Like most friendships, there have been times we’ve been closer than others…and times that I’m just more willing to let her in than others. Sometimes that’s due to the stress and craziness of life hampering my emotional capacity to engage, and other times it’s just laziness. Many times its been fear based since her opinion means the world to me, and many times I’ve believed the lie that admitting to my real heart struggles will make her love me less.
The truth is, establishing genuine, deep friendships with anyone requires a ton of intentionality and bravery. For me, living in a situation where people are constantly coming and going gives an additional factor to the challenge of establishing strong friendships. The luxury of living near close friends for years, and even decades, is one I have often envied many of those in my home town. Investing in friendship is always a choice, but sometimes that choice doesn’t seem worth the risk when I know the woman (precious and amazing though she might be!) might not be around for very long. It’s so tempting to keep things superficial and just not make the effort unless I think there’s a good chance that friend might stay for longer. Plus, the grief of saying goodbye to someone that has been that close is excruciating….and in Uganda everyone leaves. And who knows? Maybe one day the one leaving might be me. Only Jesus could really say.

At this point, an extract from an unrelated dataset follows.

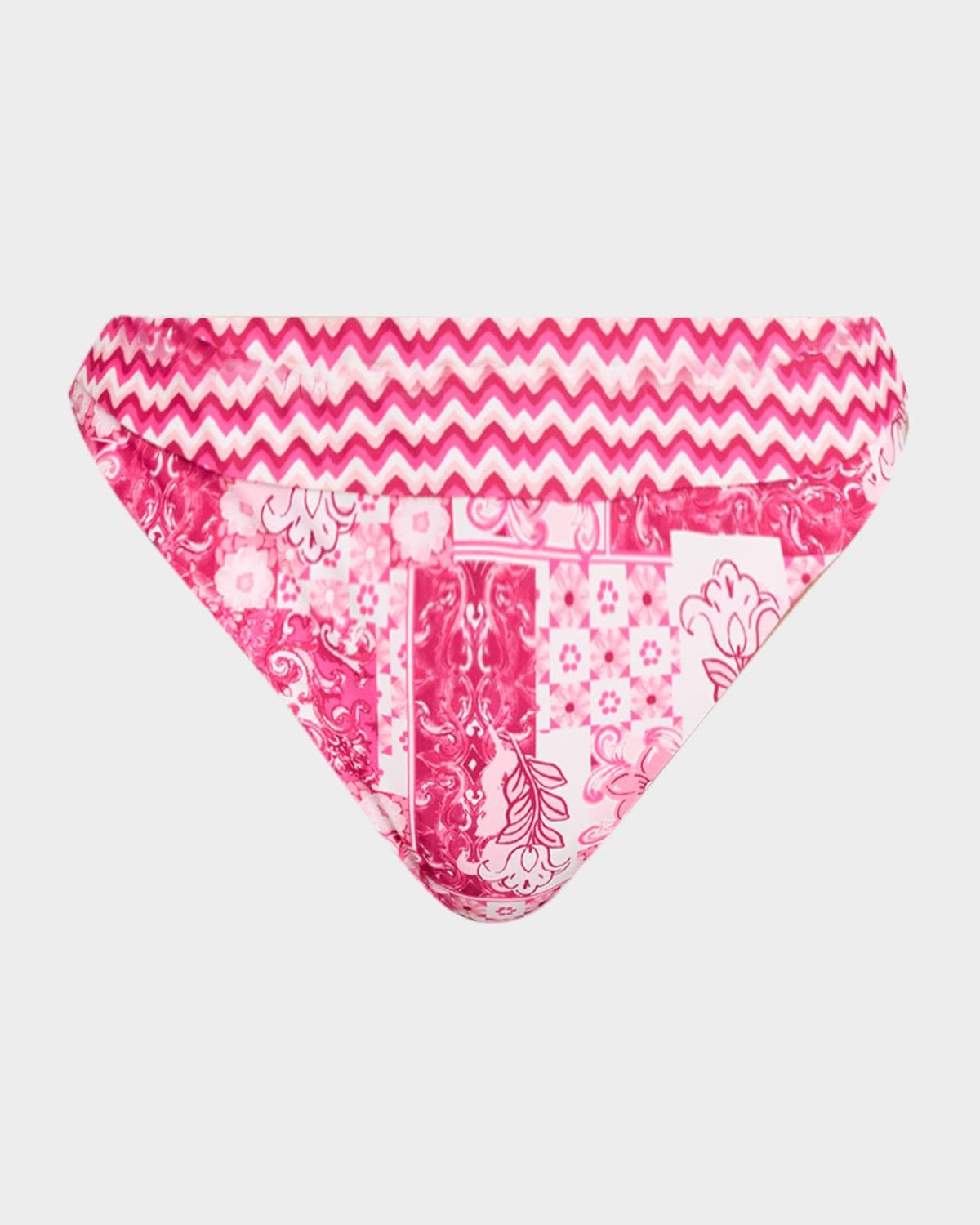 Ramy Brook Printed Isla Bikini Bottoms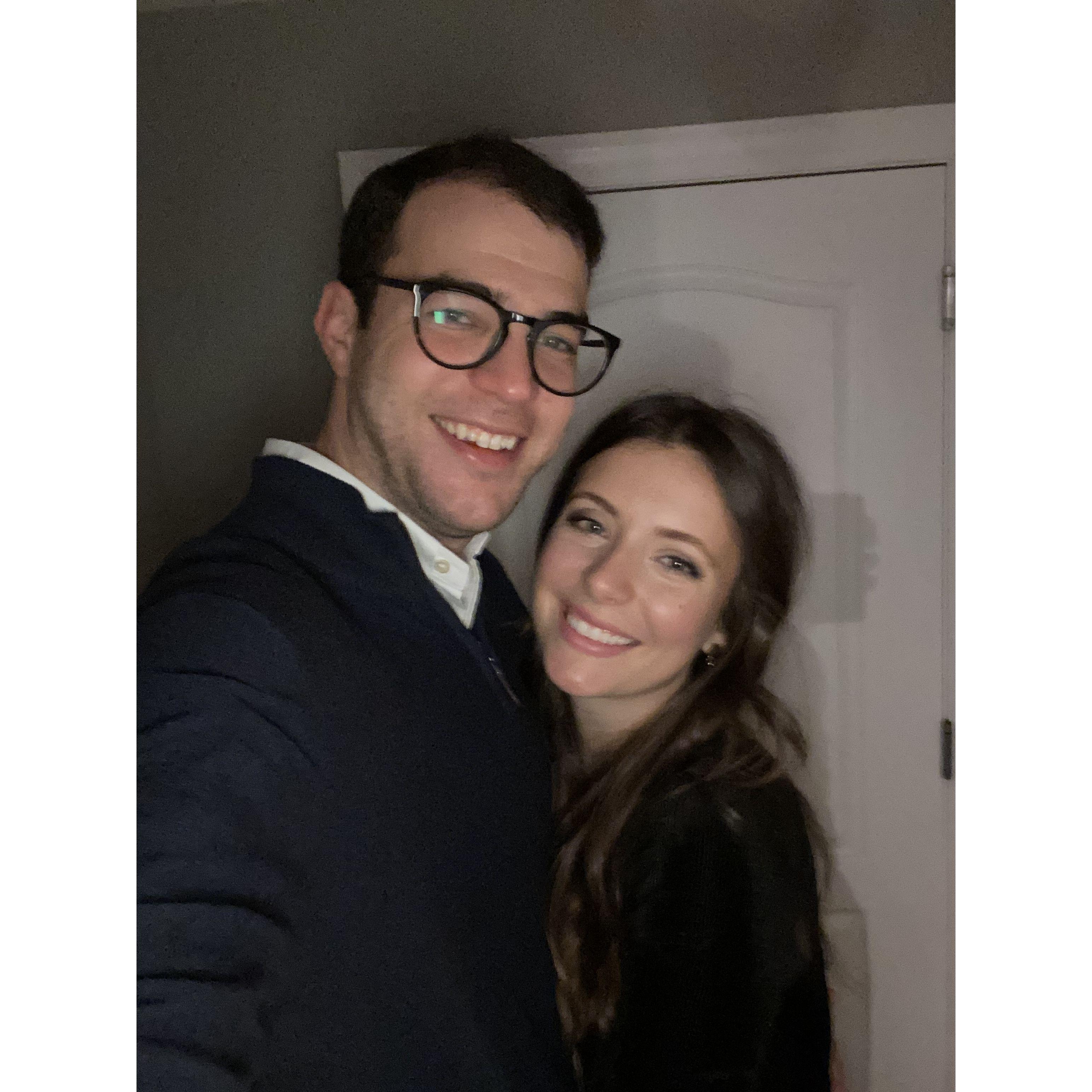 One of our first nice date nights!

I’ll be honest. I’m scared. I fight the fear daily that with my besties all leaving, I will be left without someone in Uganda willing to go deep with me. Vulnerability and raw honesty are some of the single most precious and elusive aspects of friendship that I both long for and fear. I know Jesus created us for community and connection. I know that interaction with other members of the body of Christ not only gives us the chance to minister to someone else, but also to grow together and be the iron that sharpens iron for each other. But the extent that we’re able to do that is usually dependent on how honest we’re willing to be with each other. And wow, is it hard to do!! Each moment of brutal transparency feels like an act of bravery that should be honored with a medal.
I’ve had those friendships in Uganda. I was extremely blessed with people who made it easy(er) to reach that level of friendship. But now they’re leaving my every-day life. We tell each other we’ll stay in touch, and it’s still possible to maintain long-distance friendships. But it’s hard. Things just aren’t the same as when you’re involved in each other’s every-day.
So I grieve the ending of a season. I’m here fighting to open my fists that are clenched around what was. And I’m fighting to believe and not just know that Jesus is big enough and good enough to not only maintain bonds across oceans, but also to provide new deep connections as well. I know that’s who He is, and I’ll keep fighting to believe it for myself.